Foreigner (1977)

1. Feels Like the First Time 2. Cold as Ice 3. Starrider 4. Headknocker 5. The Damage is Done 6. Long, Long Way From Home 7. Woman, Oh Woman 8. At War With the World 9. Fool For You Anyway 10.I Need You


Probably the biggest band ever that is synonymous with the term "arena rock". These guys made it big quick, and stayed big for many years, yet they were probably one of the most faceless, indescribable bands ever. How would you describe them? What exactly was it that differentiated them from every other arena rocker in the late 70s and early 80s? Well, the magic in this band revolved around guitarist Mick Jones and lead singer Lou Gramm, who were also the main writers in the band. Mick Jones was never that great of a guitar player in terms of technique, but he could write one helluva catchy riff - which he did many a time. Then you had Lou Gramm, whose vocals weren't that eclectic nor unique, but he seemed to be able to belt out top 40 rockers better than just about anyone. His voice was made for rock and roll. Together, the two were a magic recipe. Whenever one was missing from the equation, the seams would definitely be apparent.

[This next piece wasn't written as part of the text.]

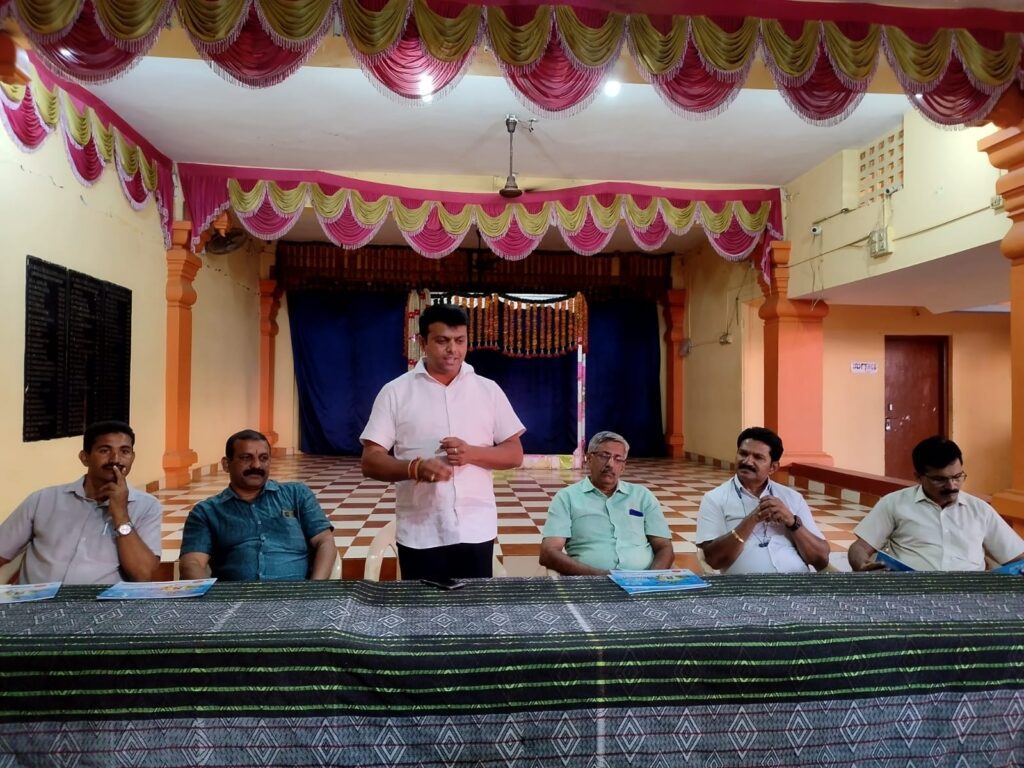 ವೇಣೂರು ಶ್ರೀ ಮಹಾಲಿಂಗೇಶ್ವರ ದೇವಸ್ಥಾನದಲ್ಲಿ ಪುನಃ ಪ್ರತಿಷ್ಠಾ ಅಷ್ಟಬಂದ ಬ್ರಹ್ಮಕಲಶೋತ್ಸವ ಕಾರ್ಯಕ್ರಮಕ್ಕೆ ಸುಳ್ಯದ ಜನತೆಯನ್ನು ಆಹ್ವಾನಿಸಲು ಬಂದ ಹರೀಶ್ ಪೂಂಜ.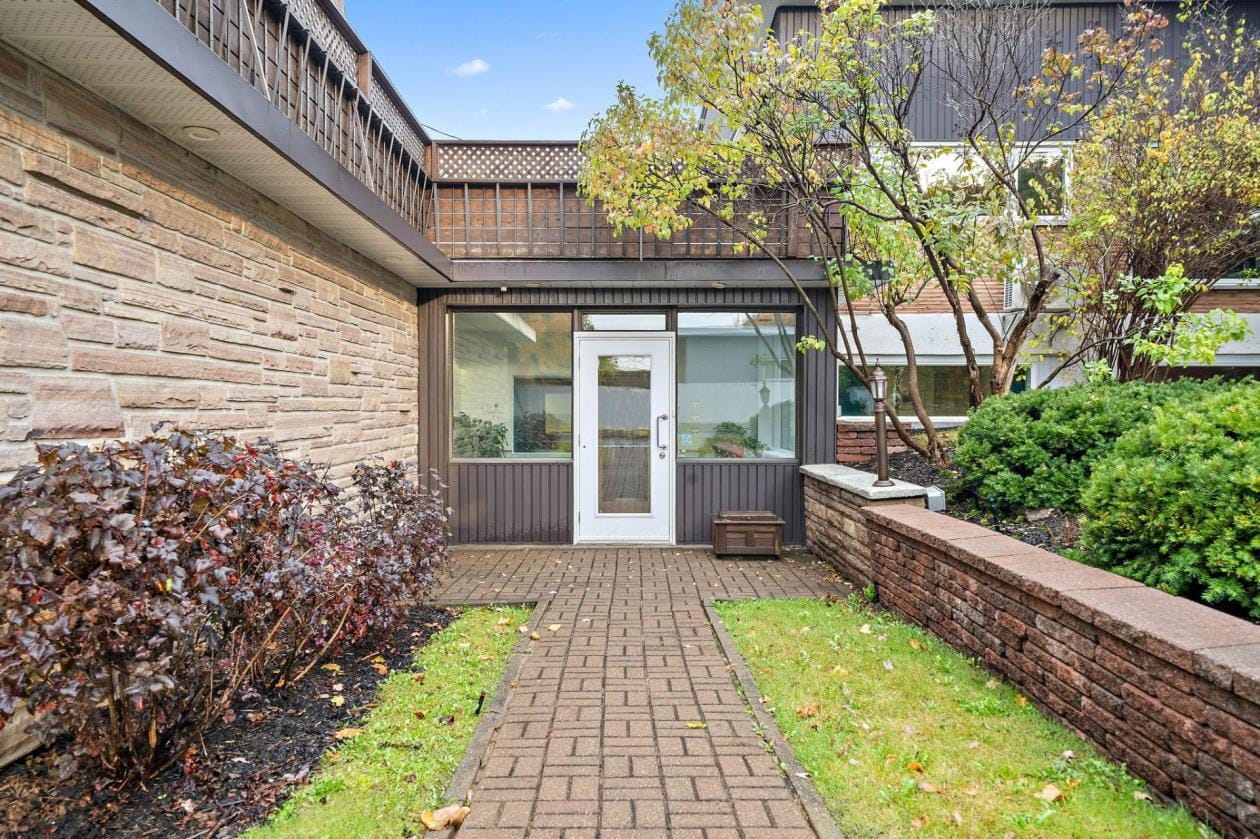 600Z-600AZ St Franchère, Laval, QC à vendre Photo principale- Image 1 de 6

Sadly, this was one of those bands that never really kept a consistent lineup for very long. In fact, Mick Jones is the only member to be featured throughout the band's entirety. Other than Jones and Gramm, the other members are quite inconsequential, and no one would recognize the guys if they were walking down the street.

Speaking of band members, there are six of them here (3 American, 3 English - hence the band name). Listening to the album shows that this number is a tad too high. We have too many instruments cluttering to be heard - especially keyboards and synthesizers. You can tell it was 1977, when arena rockers were experimenting with the overpowering synthesizer.

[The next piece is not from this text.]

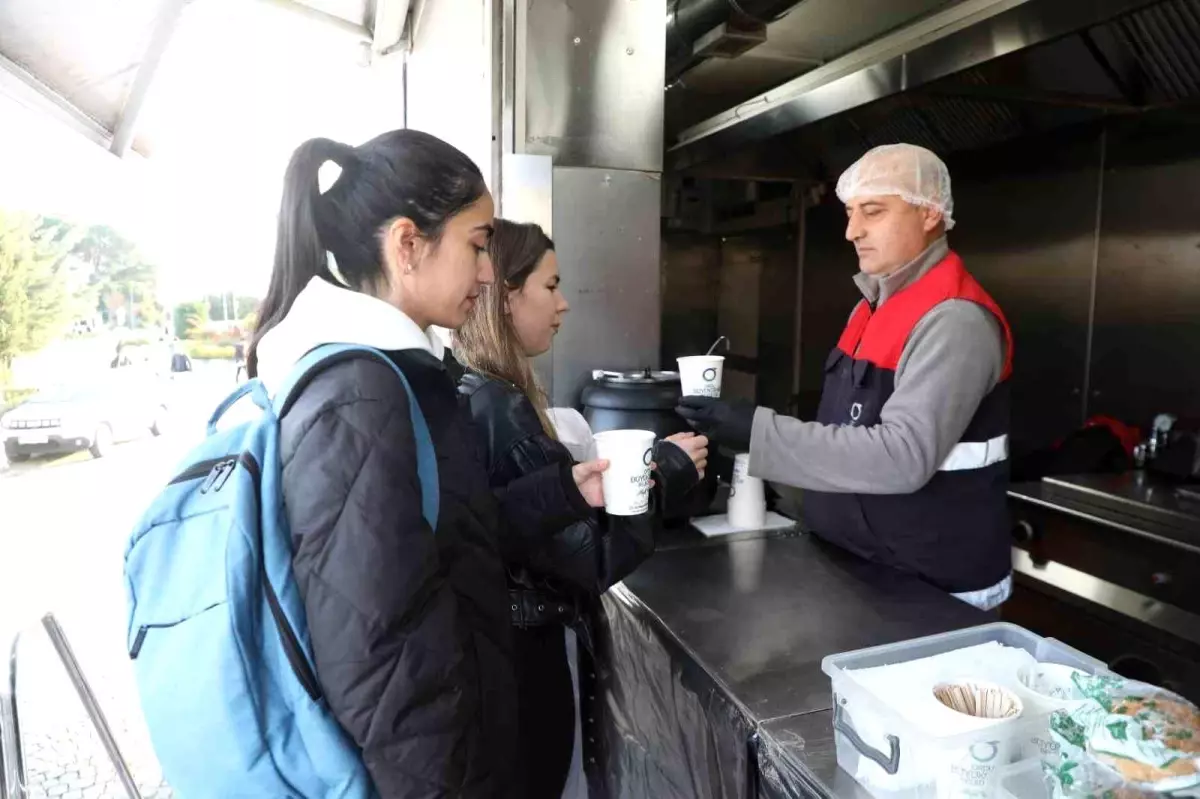 Ordu\'da üniversite öğrencilerine sıcak çorba ikramı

We must remember, though, that this was the band's first album, so it should be expected that there were growing pains that would be inevitable. The sins are minor. You can't go wrong with a debut that features such classics as Cold as Ice, Feels Like the First Time, and, to a lesser extent, Long Long Way From Home. The rest of the album doesn't feature material quite as strong as these three, but there's plenty to enjoy. Songs such as The Damage is Done and Fool For You Anyway remain fresh many years later.

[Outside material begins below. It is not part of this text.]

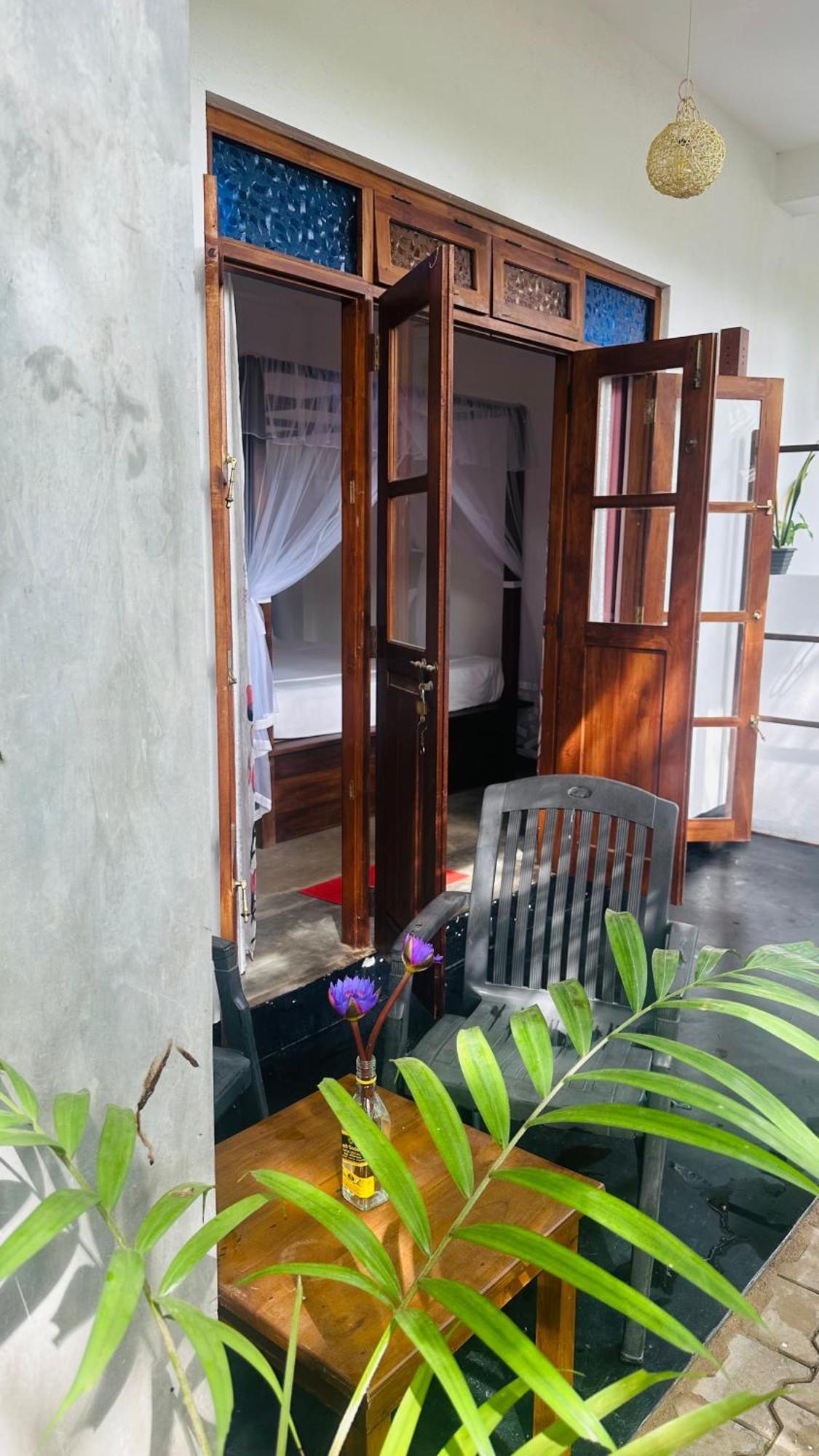 Hotel The Point Mirissa Exterior foto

Unfortunately, Mick Jones would take a stab at lead vocals from time to time on the earliest records, and the overall effect was too jarring. It's not that he's not a good singer - he's quite respectable. The problem is that his smooth, dreamy English voice is just too big of a contrast from Gramm's trademark pipes to compliment the songs in any significant way. We hear this on songs Woman, Oh Woman and Starrider. Again, it doesn't help when those two songs are chocked filled with synthesized accompaniment as mentioned earlier.

So the album might not have aged as well as some of the band's later material, but it's still overall very strong. The fact that you have a couple of band classics that everyone still loves today, makes for a very solid debut.